What Do We Love Most About Cottage Grove?
History abounds here! Even Cottage Grove’s name represents a bit of history, describing where the first post office sat (a cottage in a grove) around the middle of the nineteenth century when pioneers first came to settle the area. The Kalapuya people welcomed settlers and their presence is seen, too in signs and place names around town.
Since that time, Cottage Grove’s history has been one of its main calling cards. Its quaint downtown was named on the Register of Historic Places in 1994 and its Main Street is uniquely one of the most intact historic downtowns in all of Oregon. Historic neighborhoods are also here with Queen Anne style Victorian homes in the Northwest Neighborhood and others along River Road like the Dr. Snapp House where Singing Creek Educational Center will soon be housed.
As the Covered Bridge Capital of Oregon, Cottage Grove is home to six covered bridges including the last remaining covered railroad bridge West of the Mississippi River. You can visit the Chambers railroad bridge just south of the intersection of River Road and Harrison Street in town. It has been fully restored, having a lovely walking/bike path through its center with descriptive signage telling its history.
History also apparent at the Cottage Grove Museum on the corner of H and Birch Streets. The museum is housed in an interesting hexagonal church built in 1897. The town’s history is alive inside its walls, with original pioneer stories, pictures and artifacts and a helpful docent ready to answer questions or give you a tour. A special exhibit will take place in the summer in 2019. The exhibit will feature Marion Wright Woolcott’s coat that she wore while surviving the sinking of the Titanic in 1912. Her personal letters will also be featured in the display as they describe her rescue and her subsequent life on a farm just outside Cottage Grove.
One of Cottage Grove’s other historical claims was gold! Back in 1863, gold was discovered on Bohemia Mountain, named for James Bohemia Johnson who was one of the discoverers. Much gold and silver was mined out of the area until around the 1920’s.
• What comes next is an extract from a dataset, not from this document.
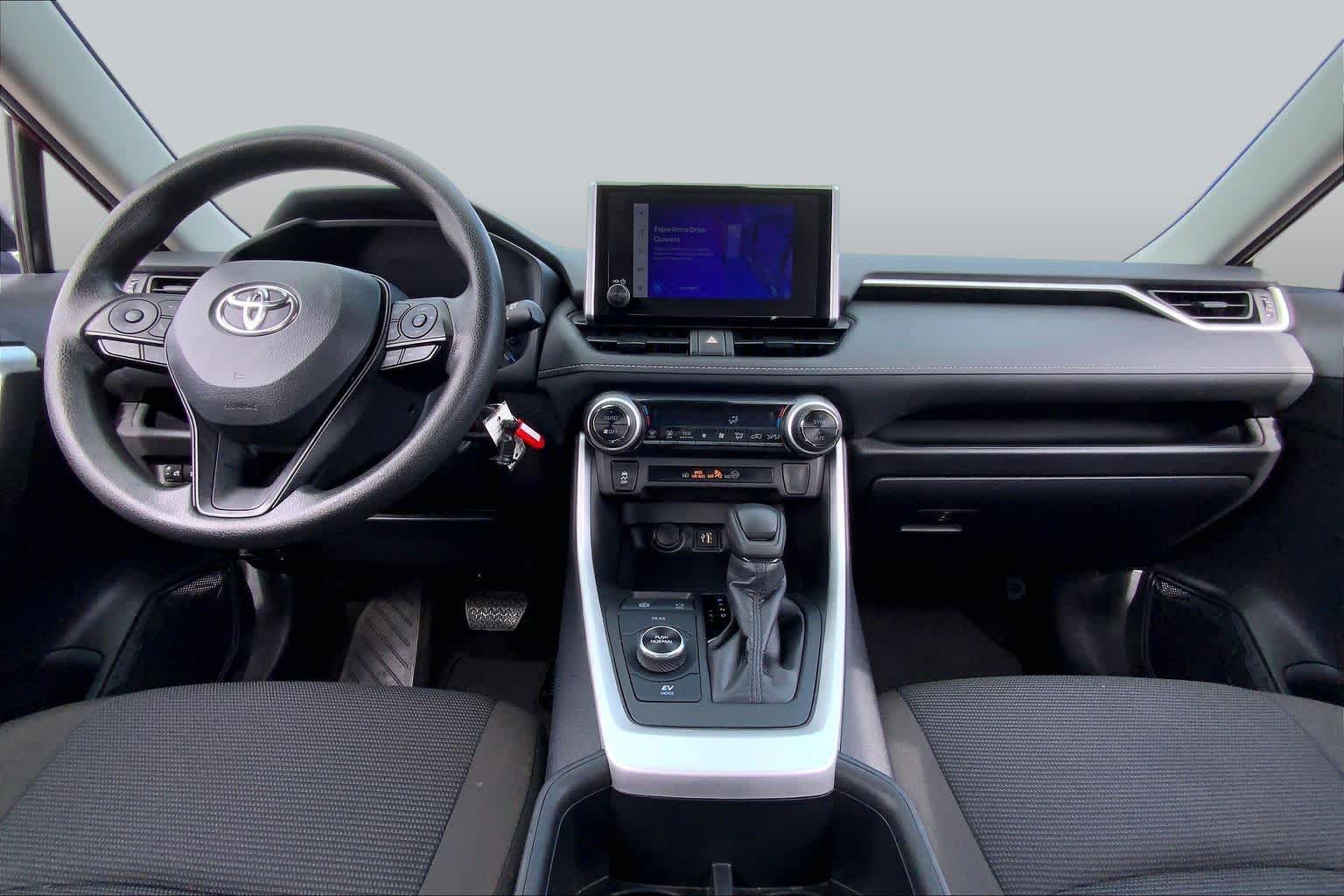 2025 Toyota RAV4 photo 15 of 35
If you want to learn the full history and see many gold mining artifacts, you can visit the Gold Mining Museum at 308 S. 10th St, Cottage Grove. The Cottage Grove Historical Society is also housed there.
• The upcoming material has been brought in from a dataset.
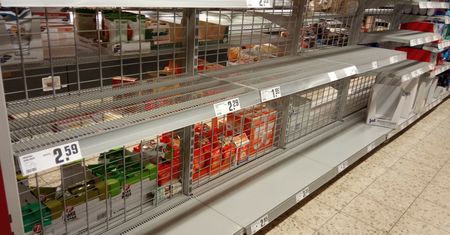 Niemcy alarmują. "Katastrofalna sytuacja" w sklepach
Cottage Grove has many downtown murals, one of the most beautiful being the Opal Whiteley mural on 7th and Main Streets. Opal is part of local history when her childhood diary became world famous around 1920. She was raised just outside Cottage Grove where she wrote the diary as a gifted child observing the natural world around her.
Last but not least of what we love about Cottage Grove is it’s citizens- a friendly, helpful and welcoming community of all kinds of people. The town has developed a vibrant new social scene, too, with Bohemia Park offering free music concerts every Wednesday in the summer time, a Farmer’s Market downtown every Thursday during growing season and Coast Fork Farm Stand on 10th Street all year long.
There is also a great artist’s community in Cottage Grove, featuring an Art Walk the last Friday of each month- April through October. Bohemia Mining Days happens every July bringing thousands of locals and visitors to Cottage Grove to enjoy food and fun in an old time Western themed venue.